Chapter One: Cowsh*t
When my mom introduced my brother and me to anyone, she would always say, “And they are like night and day.”
I never understood what she meant back then.
David was blonde, tall, and lanky—always laughing, always moving, always the class clown. He was the kind of kid who made friends easily, and who fit into the world without hesitation. He loved country western music, the kind our grandfather played on long drives through town. He was athletic, a real “boy’s boy.” David spent his time outside, throwing a football or wrestling in the yard.
And then there was me: dark-haired, chubby, quiet—more reserved. I didn’t get into much trouble, but I didn’t fit in, either. I loved dancing. I covered my bedroom walls with Britney Spears and *NSYNC posters. While David skidded his knees outside on gravel, I choreographed elaborate dance routines to the Spice Girls in my room.
We had sweet moments when we were little, though. Always at night—because somehow, the night made room for tenderness. The sun and moon carve out their domains. But sometimes, they share the same sky, lingering together in the quiet in between. David and I aligned best in the dark. I’d sneak into his room through our connected closets, crawling into bed beside him, whispering about school. He was nervous about his traveling basketball team tryouts, so I reassured him he would do well. We talked about nothing and everything, our voices hushed against the night.

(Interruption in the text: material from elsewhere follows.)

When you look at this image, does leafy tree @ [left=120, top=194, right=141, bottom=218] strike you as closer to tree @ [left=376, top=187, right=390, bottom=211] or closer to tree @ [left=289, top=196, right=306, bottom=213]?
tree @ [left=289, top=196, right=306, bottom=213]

And of course, we fought too—ferociously, as only brothers close in age can. Stubborn to the core, we drove our parents insane with how much we bickered.
But something shifted as we got older.
He stopped talking to me at home and school. He acted as if I didn’t exist. His friends would throw around gay slurs, making jokes at my expense, and David never stopped them. He never defended me. He wasn’t confrontational—he never had been. That was my role. But his silence still stung. David acted like nothing was wrong.
Back home, dinner table conversations were quiet between him and me. Mom and Dad would talk to both of us, but we weren’t saying much to each other. And when I started high school, two grades below him, the distance between us became painfully clear.
Daytime belonged to the world, school hallways, and crowded lunch tables. Daytime was when he chose distance, avoidance, and absence. The night was different—but during the day, I was on my own.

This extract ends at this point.